Ein erneutes Leck in der Atomruine Fukushima ist offenbar deutlich schlimmer als von den Behörden bislang angenommen. Wie die Atomaufsichtsbehörde am Mittwoch mitteilte, werde sie mit der Internationalen Atomenergie-Organisation IAEA in Wien darüber beraten, den Vorfall auf Stufe 3 der internationalen Bewertungsskala für nukleare Ereignisse (Ines) anzuheben. Damit würde das Leck als „ernster Zwischenfall“ eingestuft statt wie bislang mit der Stufe 1 („Anomalität“).

Der Atombetreiber Tepco hatte zuvor bekanntgegeben, dass rund 300 Tonnen verstrahlten Kühlwassers aus einem Auffangtank ausgelaufen waren. Das übrige Wasser wurde am Mittwoch umgefüllt.

Unterdessen ist die Zahl von in Fukushima lebenden Kindern mit Schilddrüsenkrebs weiter gestiegen. Wie der japanische Fernsehsender NHK berichtete, wurde bei Untersuchungen bei sechs Kindern, die zum Zeitpunkt des Unfalls vom 11. März 2011 18 Jahre oder jünger waren, Schilddrüsenkrebs diagnostiziert. Damit stieg die Zahl der Krebsfälle unter Kindern auf 18.
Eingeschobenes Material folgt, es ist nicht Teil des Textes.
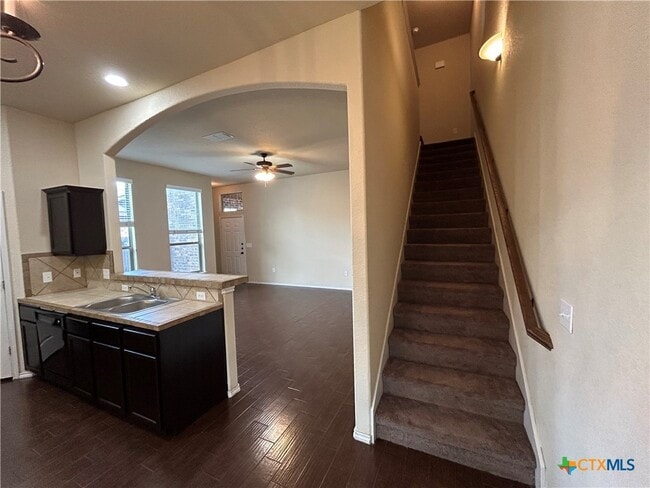 Building Photo - 665 Creekside Cir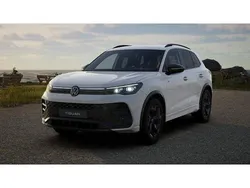 Pure white Gebraucht 2025 VW Tiguan R-line SUV | 41.790 € (Guter Preis)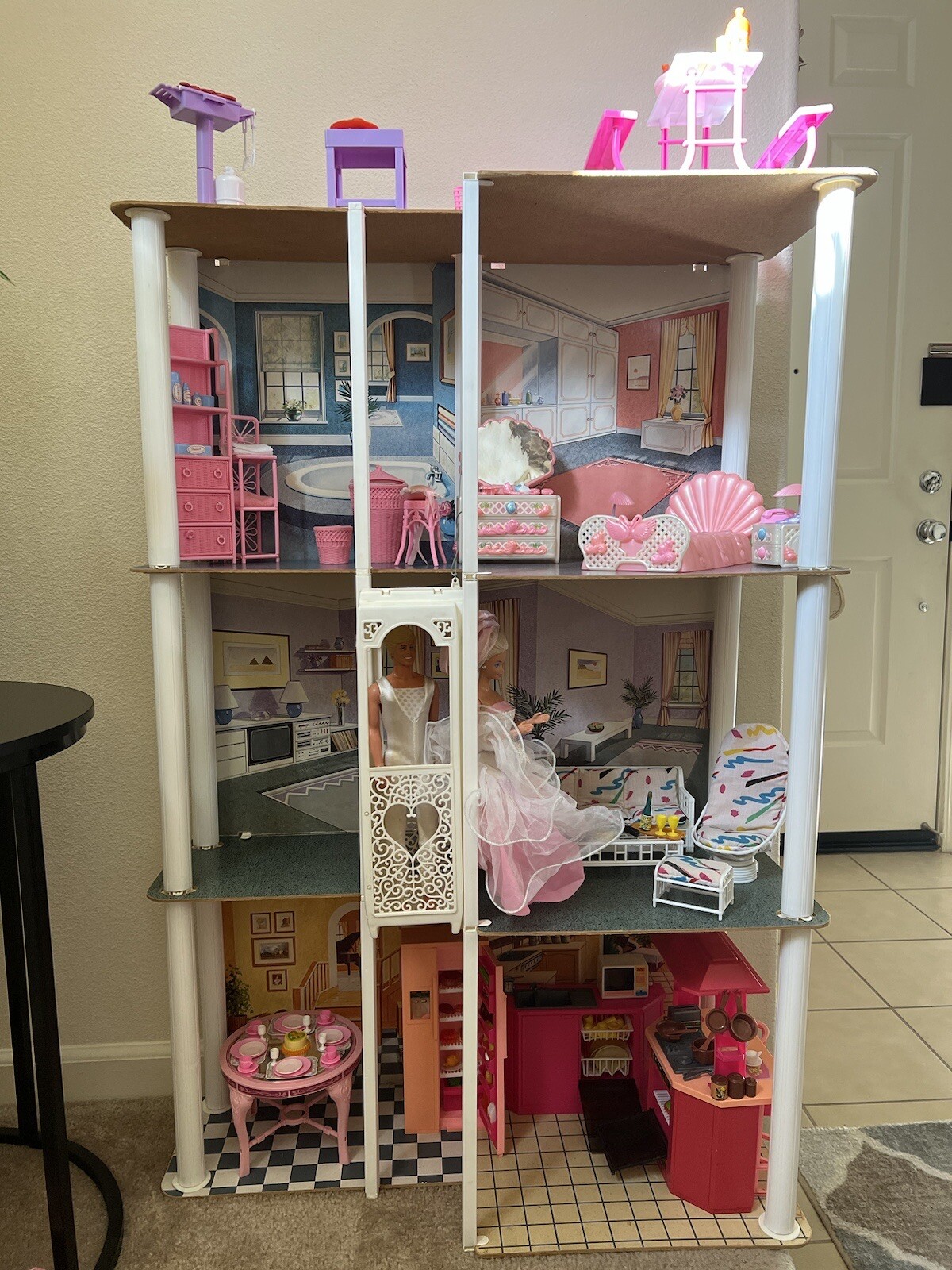 Barbie Townhouse With Elevatornull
Ob jedoch der GAU im Atomkraftwerk Fukushima Daiichi ursächlich für die Krebserkrankungen sei, könne zum gegenwärtigen Zeitpunkt nicht mit Bestimmtheit gesagt werden, erklärte ein Untersuchungskomitee der Präfekturverwaltung von Fukushima, wie der Sender NHK berichtete.

Infolge des Erdbebens und Tsunamis vom 11. März 2011 war das AKW verwüstet worden. Dabei kam es zu Kernschmelzen. Seither pumpen die Reparaturtrupps unentwegt Wasser zur Kühlung in die Reaktoren. Die dabei anfallenden riesigen Mengen verseuchten Wassers werden in Tanks gefüllt, die auf dem Gelände errichtet wurden. Das verseuchte Wasser soll zwar aufbereitet werden, um es erneut zur Kühlung einzusetzen. Erschwerend hinzu kommt aber, dass jeden Tag Hunderte Tonnen Grundwasser in die Reaktorgebäude eindringen und sich mit dem kontaminierten Kühlwasser vermischen. Kürzlich hatte Tepco zugegeben, dass tagtäglich rund 300 Tonnen belastetes Wasser ins Meer sickern.
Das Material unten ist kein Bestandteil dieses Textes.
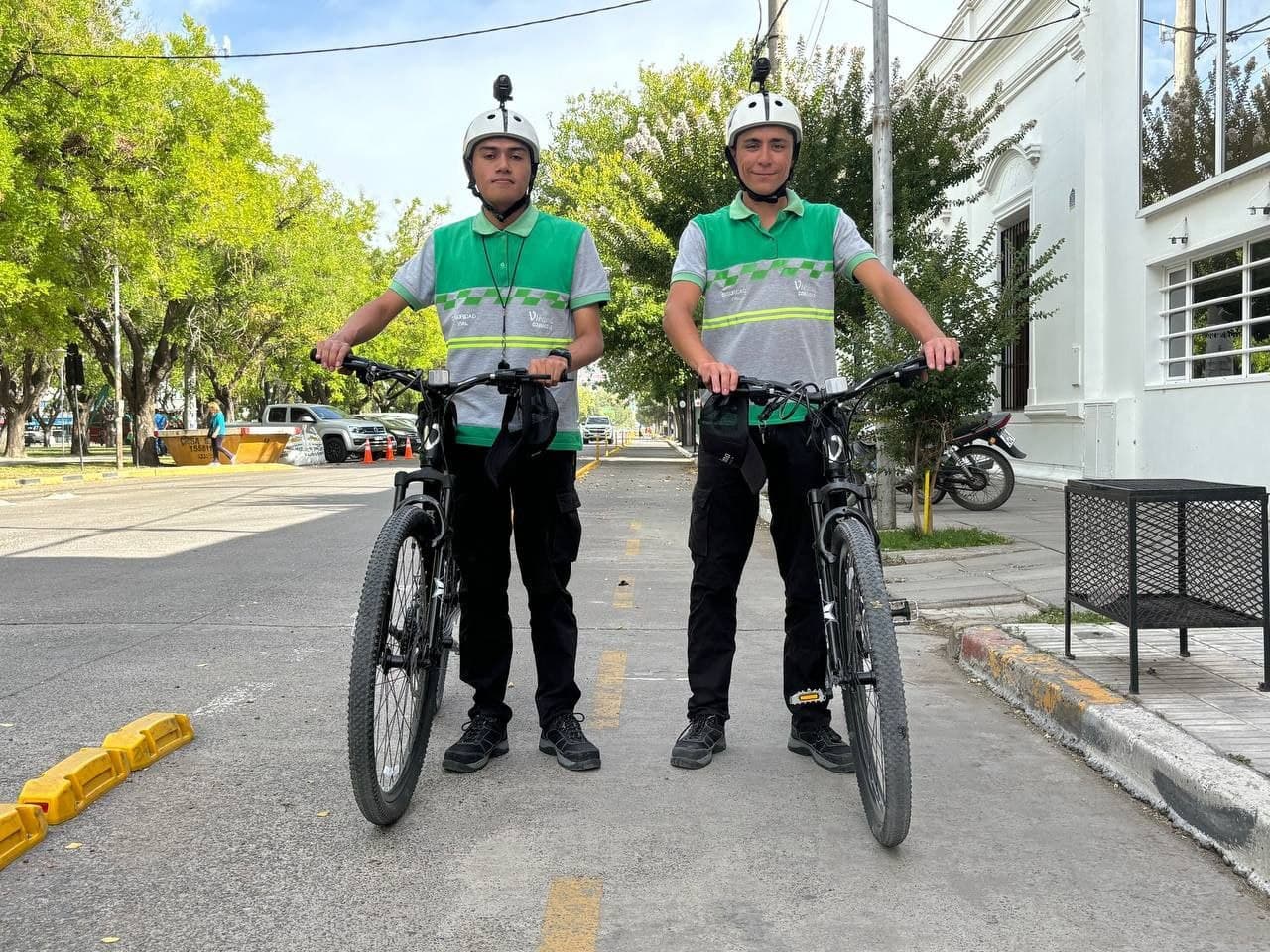 Ahora Viedma tiene bici-inspectores con videocámaras para mejorar el control del tránsito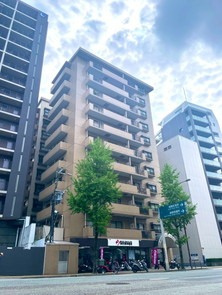 【外観】 | 第参参プリンスマンション城南 | 別府駅まで徒歩2分で通勤時間を短縮できますね♪ 駐車場に空きがあるので車をお持ちの方でも安心です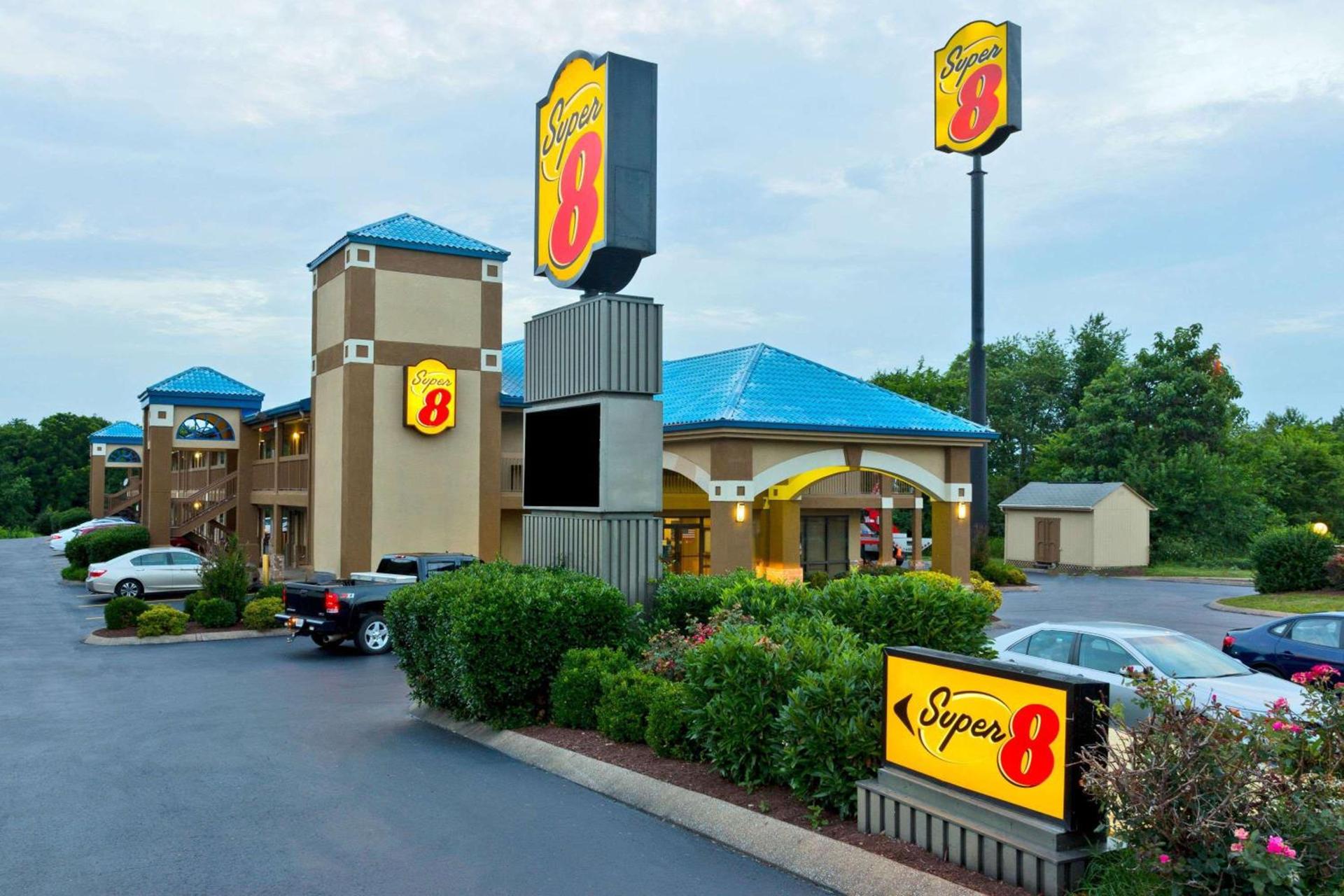 Super 8 by Wyndham Franklin Hwy 31 — hotel in Franklin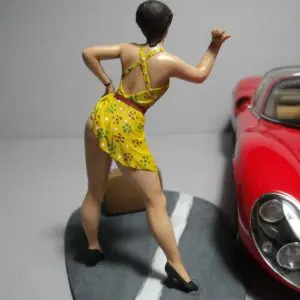FIGURINE 1/18 GIRL PATRICIA VROOM NON PEINT FOR AUTOART MINICHAMPS 1/18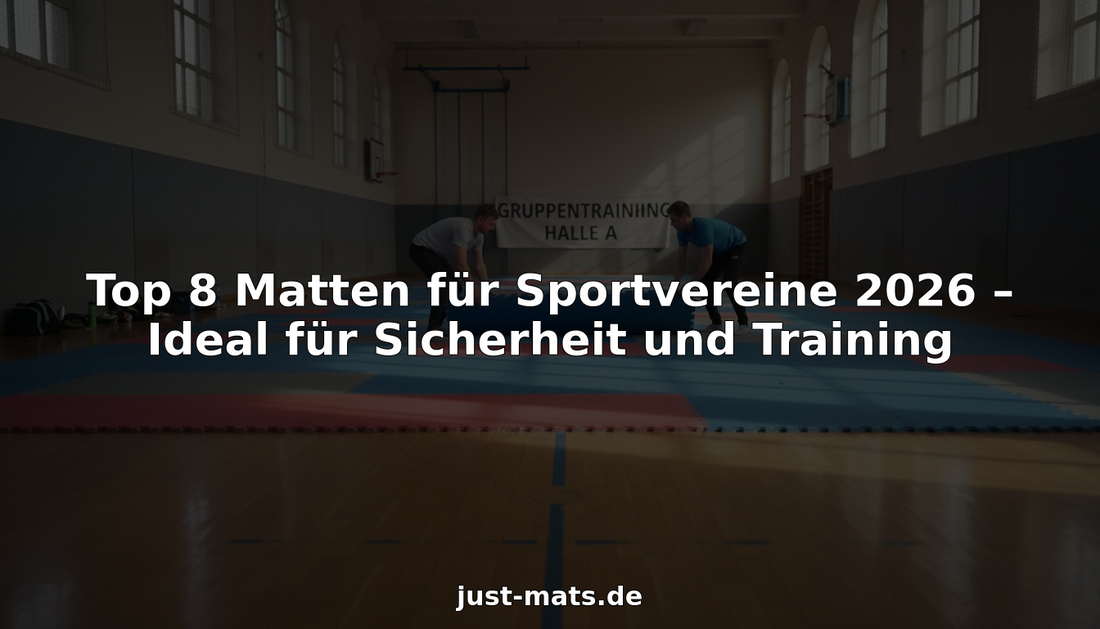 Trainer breiten in der Sporthalle Turnmatten aus.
Das aus einem der Hunderten von Auffangtanks geleckte Wasser enthält laut Tepco unter anderem Strontium, das Wissenschaftler auch als „Knochenkiller“ bezeichnen. Es schädige das Knochenmark und könne Leukämie (Blutkrebs) auslösen. Die Ursache des Lecks war auch am Mittwoch noch ungeklärt.

Tepco hatte der Atombehörde anfangs gemeldet, dass schätzungsweise 120 Liter ausgelaufen seien. Davon ausgehend hatte die Behörde den Zwischenfall mit Stufe 1 eingeordnet.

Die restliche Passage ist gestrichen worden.